Caminhar é, aliás, o que melhor se pode fazer por aqui, onde começa aliás o trilho dos brandeiros, um percurso de 14 quilómetros de moderada dificuldade que, entre os vales do rio Vez e do rio Mouro, nos leva pelas rotas e abrigos dos pastores de Gave. Bem mais acessível é o passeio pelas ruelas estreitas da branda, nas quais é possível espreitar a passagem do tempo na grossura centenária dos troncos dos castanheiros, nas construções em ruína ou em recomposição, ou senti-lo no musgo que dá cor aos muros de granito irregularmente sobreposto. No vale que se abre para as duas encostas por onde se espalha o casario, o Aveleira, um afluente do Vez onde alguém teve a infeliz ideia de criar uma zona seca atirando cimento para o leito, insinua a sua presença, misturando-se com ruído do gado que lhe apara a margem e com uma ou outra ave de rapina que fazem de todo o espaço que a vista alcança a sua coutada de caça.

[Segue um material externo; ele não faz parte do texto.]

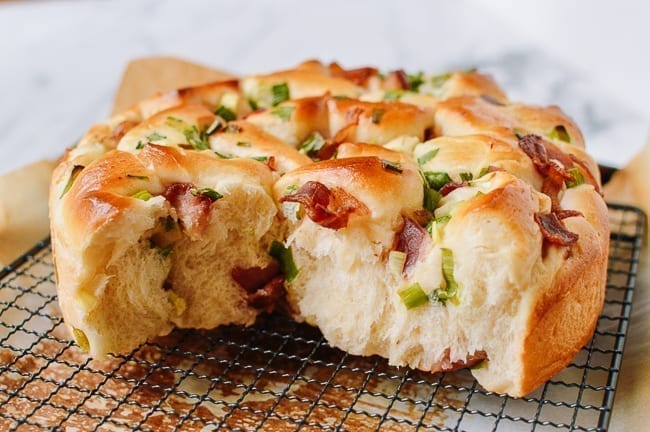 Bacon Scallion Milk Bread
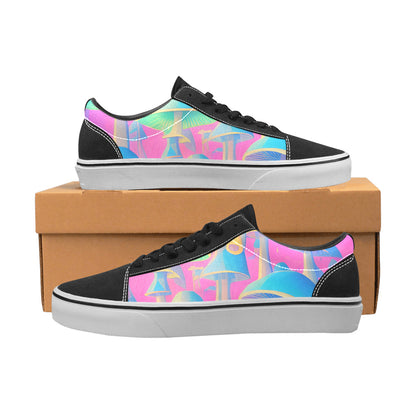 MEN'S Magic Mushrooms Psychedelic Vibe Low Top Skateboarding Dreamcore Shoes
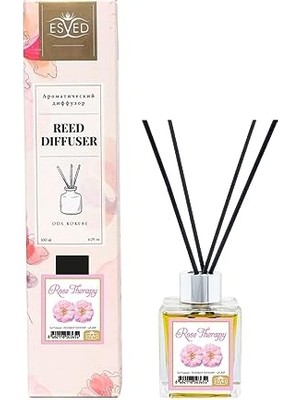 Pratik Ev Gül Terapisi Kokulu Çubuklu Oda Kokusu, 100 ml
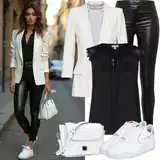 Elegantní černobílé outfity image
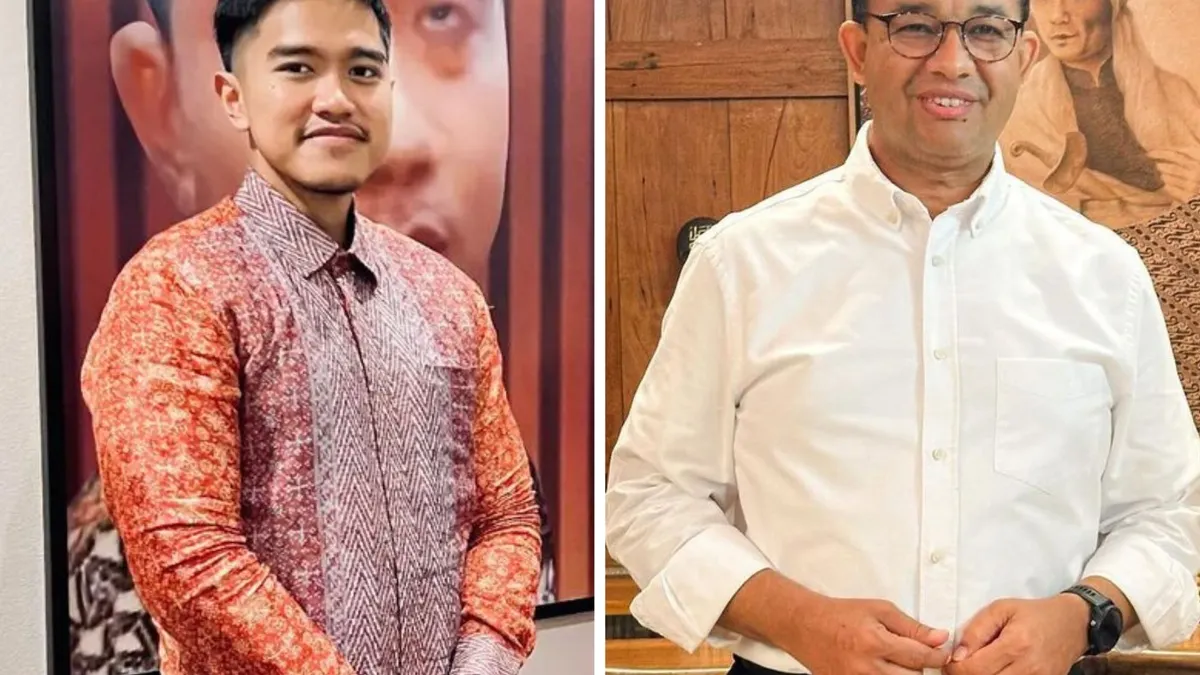 Anies Baswedan dan Kaesang Pangarep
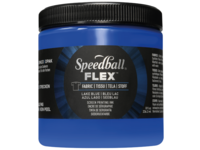 SPEEDBALL FLEX SCREEN PRINTING FABRIC INK 236ML LAKE BLUE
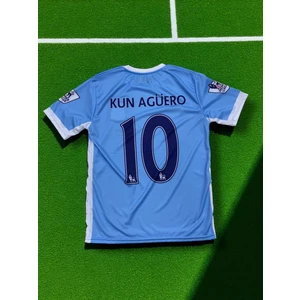 North Stand Nostaljik Efsane Sergio Aguero Man City Forması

Não estamos longe de uma das mais belas entradas no Parque Nacional da Peneda-Gerês. Lamas de Mouro, na sua planáltica brandura, é, sombreada por carvalhos, bétulas e camacíperes, um fértil contraste com algumas das encostas rochosas, esculpindo broas de pão, como descreveria Miguel Torga, que nos balizam o caminho, por estrada, até lá. Estrada que, nos primeiros quilómetros, até começa por nos oferecer um insólito contraste entre o "relvado" verdejante do Lameiro da Porteira, onde é fácil encontrar alguns garranos ou famílias de vacas em ameno piquenique, e o campo de futebol pelado que nos implora, do outro lado da via, relva, uma bola e jogadores que não há.
O que há é um cruzamento, no sítio do Batateiro, que podemos tomar como ponto de partida para um percurso, vá lá, circular - pelo menos capaz de pôr a cabeça de alguns passageiros a andar à roda, de tão sinuoso o caminho. Lamas de Mouro está para nordeste - e de lá, Castro Laboreiro, a sete quilómetros, pede um desvio que, desta vez, resistimos a fazer. Seguimos de Lamas para sul, iremos ao encontro de um santuário singular que, inspirado no Bom Jesus de Braga, espalha encosta abaixo o seu escadório, erguendo-se o templo à sombra da montanha que lhe dá nome. A senhora da Peneda é lugar a visitar em qualquer altura do ano, sendo que vale para alguns o aviso de que, na primeira semana de Setembro, durante a romaria, o lugar e toda a estrada desde Lamas de Mouro são expropriados por milhares de peregrinos e respectivos carros e autocarros, tornando difícil, muito difícil mesmo, a circulação.